▸ **PROVIDED MATERIAL**
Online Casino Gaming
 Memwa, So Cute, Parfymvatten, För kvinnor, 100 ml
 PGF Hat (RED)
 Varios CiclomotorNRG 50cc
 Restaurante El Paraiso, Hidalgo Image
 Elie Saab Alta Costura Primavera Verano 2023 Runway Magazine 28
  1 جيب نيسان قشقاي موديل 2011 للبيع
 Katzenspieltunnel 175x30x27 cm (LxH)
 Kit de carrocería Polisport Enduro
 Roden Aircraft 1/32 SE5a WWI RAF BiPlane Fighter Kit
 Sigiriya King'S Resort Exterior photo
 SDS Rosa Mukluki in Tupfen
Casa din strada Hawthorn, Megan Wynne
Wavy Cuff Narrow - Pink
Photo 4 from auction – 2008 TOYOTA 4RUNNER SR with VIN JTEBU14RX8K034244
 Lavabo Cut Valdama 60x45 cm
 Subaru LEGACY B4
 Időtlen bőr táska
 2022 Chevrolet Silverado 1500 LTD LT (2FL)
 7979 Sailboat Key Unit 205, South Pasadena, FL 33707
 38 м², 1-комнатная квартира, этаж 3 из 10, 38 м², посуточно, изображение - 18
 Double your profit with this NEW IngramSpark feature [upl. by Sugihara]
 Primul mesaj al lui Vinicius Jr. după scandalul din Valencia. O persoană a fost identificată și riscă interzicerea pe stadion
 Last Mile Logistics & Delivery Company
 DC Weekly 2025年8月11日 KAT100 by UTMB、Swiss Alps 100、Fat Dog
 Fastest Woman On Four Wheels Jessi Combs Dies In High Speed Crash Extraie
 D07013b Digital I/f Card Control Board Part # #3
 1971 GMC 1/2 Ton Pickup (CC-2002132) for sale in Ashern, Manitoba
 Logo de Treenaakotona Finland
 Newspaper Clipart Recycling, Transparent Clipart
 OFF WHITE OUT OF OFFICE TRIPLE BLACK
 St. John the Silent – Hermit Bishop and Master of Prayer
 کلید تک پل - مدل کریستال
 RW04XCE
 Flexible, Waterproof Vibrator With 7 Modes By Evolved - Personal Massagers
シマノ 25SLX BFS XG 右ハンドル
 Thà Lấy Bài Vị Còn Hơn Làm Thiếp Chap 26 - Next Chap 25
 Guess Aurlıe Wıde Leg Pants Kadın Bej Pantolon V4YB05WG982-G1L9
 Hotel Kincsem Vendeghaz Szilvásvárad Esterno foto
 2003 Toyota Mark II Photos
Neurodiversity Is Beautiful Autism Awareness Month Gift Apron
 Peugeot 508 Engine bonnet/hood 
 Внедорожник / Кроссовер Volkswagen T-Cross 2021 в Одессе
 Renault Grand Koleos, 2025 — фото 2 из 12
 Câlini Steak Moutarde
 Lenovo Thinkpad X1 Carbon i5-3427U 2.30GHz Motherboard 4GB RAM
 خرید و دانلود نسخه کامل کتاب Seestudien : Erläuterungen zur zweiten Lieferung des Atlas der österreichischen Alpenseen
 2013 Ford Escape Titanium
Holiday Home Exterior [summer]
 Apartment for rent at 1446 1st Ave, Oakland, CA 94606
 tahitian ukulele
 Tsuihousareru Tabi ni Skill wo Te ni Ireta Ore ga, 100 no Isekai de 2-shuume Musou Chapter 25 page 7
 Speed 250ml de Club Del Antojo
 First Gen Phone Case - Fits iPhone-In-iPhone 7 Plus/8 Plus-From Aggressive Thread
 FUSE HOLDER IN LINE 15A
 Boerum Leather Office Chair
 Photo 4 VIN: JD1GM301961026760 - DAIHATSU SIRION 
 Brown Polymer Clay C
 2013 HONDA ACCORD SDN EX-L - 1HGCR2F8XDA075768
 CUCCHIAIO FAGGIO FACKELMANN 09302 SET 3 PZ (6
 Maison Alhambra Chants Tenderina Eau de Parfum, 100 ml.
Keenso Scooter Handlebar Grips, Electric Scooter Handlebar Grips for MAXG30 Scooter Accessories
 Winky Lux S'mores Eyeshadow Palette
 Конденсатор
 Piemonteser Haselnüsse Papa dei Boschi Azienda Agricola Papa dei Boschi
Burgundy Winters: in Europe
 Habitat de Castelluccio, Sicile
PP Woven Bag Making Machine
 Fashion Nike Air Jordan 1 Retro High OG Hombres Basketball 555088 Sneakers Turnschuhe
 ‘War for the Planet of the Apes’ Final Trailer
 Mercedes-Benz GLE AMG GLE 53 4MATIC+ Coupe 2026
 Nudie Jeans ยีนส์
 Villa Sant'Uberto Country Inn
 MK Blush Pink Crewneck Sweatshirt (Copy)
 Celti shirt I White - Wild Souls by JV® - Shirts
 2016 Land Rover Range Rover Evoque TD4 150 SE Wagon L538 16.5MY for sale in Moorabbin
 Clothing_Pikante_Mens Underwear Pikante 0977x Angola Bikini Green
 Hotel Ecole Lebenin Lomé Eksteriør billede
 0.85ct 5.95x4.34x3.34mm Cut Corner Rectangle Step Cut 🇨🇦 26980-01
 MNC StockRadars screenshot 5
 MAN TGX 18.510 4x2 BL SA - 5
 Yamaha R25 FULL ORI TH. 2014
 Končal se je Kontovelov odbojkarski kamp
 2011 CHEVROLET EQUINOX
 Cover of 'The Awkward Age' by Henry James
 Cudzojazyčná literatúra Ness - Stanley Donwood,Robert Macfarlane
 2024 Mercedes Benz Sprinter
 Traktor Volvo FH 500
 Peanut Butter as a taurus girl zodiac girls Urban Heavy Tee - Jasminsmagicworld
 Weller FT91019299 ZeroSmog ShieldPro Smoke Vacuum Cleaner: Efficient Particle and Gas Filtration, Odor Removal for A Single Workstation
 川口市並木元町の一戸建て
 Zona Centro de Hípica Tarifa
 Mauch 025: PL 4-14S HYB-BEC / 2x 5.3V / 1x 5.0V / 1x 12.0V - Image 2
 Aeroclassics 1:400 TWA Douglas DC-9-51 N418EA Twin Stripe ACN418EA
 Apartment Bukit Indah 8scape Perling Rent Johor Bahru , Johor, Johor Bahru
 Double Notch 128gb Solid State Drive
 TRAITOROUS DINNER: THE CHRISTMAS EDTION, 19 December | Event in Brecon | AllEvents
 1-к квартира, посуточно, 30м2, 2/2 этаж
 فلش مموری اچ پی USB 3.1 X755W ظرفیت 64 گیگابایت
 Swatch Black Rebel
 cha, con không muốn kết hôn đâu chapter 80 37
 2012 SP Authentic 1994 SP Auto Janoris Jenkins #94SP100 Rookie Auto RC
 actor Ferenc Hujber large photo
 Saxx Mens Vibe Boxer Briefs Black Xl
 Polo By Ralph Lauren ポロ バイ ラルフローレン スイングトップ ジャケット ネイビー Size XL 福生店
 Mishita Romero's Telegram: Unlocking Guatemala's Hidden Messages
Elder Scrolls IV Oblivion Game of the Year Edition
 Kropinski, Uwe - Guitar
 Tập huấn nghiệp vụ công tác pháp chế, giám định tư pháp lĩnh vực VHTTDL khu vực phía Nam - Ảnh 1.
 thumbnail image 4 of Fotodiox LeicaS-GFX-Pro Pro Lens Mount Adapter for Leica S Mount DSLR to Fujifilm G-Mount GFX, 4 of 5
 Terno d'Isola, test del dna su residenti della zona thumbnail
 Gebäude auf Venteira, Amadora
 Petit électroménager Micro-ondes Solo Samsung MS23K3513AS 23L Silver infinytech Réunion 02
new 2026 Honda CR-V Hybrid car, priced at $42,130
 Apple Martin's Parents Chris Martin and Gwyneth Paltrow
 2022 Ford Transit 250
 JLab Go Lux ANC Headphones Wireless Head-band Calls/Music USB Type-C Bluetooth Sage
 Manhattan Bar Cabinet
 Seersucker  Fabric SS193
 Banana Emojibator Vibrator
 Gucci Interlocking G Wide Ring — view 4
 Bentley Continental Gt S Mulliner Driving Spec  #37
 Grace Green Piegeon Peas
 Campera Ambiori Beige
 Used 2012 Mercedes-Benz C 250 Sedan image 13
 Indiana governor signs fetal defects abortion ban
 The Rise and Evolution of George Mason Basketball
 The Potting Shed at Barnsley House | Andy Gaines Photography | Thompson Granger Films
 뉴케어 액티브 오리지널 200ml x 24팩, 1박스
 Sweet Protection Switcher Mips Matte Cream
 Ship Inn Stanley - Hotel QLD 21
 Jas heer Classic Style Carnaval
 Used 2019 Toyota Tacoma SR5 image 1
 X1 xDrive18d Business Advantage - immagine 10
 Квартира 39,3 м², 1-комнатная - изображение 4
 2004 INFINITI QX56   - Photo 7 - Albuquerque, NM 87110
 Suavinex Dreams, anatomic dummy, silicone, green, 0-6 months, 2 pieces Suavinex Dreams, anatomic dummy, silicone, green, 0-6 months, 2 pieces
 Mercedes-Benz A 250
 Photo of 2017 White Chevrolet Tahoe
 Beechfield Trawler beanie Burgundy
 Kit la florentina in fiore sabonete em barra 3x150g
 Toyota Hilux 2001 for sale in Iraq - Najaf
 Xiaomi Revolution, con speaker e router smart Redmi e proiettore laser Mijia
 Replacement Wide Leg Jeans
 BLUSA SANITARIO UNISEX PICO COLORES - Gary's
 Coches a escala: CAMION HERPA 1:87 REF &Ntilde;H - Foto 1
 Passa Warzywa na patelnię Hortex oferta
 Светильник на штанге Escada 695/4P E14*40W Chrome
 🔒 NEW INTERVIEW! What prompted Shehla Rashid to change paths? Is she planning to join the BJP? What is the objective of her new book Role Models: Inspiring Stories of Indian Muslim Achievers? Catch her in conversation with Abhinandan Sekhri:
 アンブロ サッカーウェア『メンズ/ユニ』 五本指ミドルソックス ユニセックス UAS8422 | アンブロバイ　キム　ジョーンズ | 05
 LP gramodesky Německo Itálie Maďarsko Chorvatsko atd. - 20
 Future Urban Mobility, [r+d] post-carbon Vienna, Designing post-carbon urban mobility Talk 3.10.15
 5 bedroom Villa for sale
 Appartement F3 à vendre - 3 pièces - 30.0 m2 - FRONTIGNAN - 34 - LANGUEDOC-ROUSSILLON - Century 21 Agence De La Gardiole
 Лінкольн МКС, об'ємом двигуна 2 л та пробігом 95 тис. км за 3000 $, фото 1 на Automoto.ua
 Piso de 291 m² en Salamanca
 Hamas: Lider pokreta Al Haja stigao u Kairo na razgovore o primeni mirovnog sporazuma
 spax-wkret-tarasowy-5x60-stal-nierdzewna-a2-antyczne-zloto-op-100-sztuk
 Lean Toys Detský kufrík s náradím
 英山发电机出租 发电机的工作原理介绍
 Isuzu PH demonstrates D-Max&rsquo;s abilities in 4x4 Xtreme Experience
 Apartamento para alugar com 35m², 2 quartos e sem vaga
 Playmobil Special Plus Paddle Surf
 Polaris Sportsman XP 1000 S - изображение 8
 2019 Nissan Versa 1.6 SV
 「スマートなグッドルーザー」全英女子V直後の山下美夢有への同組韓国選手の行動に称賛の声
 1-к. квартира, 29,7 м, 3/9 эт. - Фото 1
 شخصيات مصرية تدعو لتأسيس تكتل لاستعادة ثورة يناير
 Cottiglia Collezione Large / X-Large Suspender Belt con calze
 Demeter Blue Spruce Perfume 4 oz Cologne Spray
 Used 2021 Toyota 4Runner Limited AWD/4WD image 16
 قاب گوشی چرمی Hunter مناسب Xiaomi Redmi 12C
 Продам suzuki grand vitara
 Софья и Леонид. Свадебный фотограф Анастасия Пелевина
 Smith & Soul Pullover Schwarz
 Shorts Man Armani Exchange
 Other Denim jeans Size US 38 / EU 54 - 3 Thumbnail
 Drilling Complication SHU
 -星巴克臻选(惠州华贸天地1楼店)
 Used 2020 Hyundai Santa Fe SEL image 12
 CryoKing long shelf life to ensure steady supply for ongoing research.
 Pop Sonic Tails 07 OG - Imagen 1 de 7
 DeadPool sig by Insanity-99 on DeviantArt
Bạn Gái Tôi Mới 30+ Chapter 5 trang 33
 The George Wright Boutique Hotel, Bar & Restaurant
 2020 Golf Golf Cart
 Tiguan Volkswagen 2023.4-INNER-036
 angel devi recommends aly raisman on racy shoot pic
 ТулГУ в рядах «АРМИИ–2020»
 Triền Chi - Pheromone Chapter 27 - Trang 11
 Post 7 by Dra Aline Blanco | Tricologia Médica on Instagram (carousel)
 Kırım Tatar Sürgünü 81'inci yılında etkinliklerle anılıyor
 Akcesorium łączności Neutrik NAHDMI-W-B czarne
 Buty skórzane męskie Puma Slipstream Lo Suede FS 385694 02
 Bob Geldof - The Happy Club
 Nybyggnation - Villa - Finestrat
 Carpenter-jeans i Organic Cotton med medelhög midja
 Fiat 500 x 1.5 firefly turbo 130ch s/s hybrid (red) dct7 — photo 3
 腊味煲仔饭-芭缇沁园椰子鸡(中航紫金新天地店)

▸ **AIM OF THE EXERCISE**
Taking the material above, extract exactly and only the lines from the line with "thumbnail image 4" to the line with "Petit électroménager Micro-ondes", inclusive of both.

▸ **TASK OUTPUT**
 thumbnail image 4 of Fotodiox LeicaS-GFX-Pro Pro Lens Mount Adapter for Leica S Mount DSLR to Fujifilm G-Mount GFX, 4 of 5
 Terno d'Isola, test del dna su residenti della zona thumbnail
 Gebäude auf Venteira, Amadora
 Petit électroménager Micro-ondes Solo Samsung MS23K3513AS 23L Silver infinytech Réunion 02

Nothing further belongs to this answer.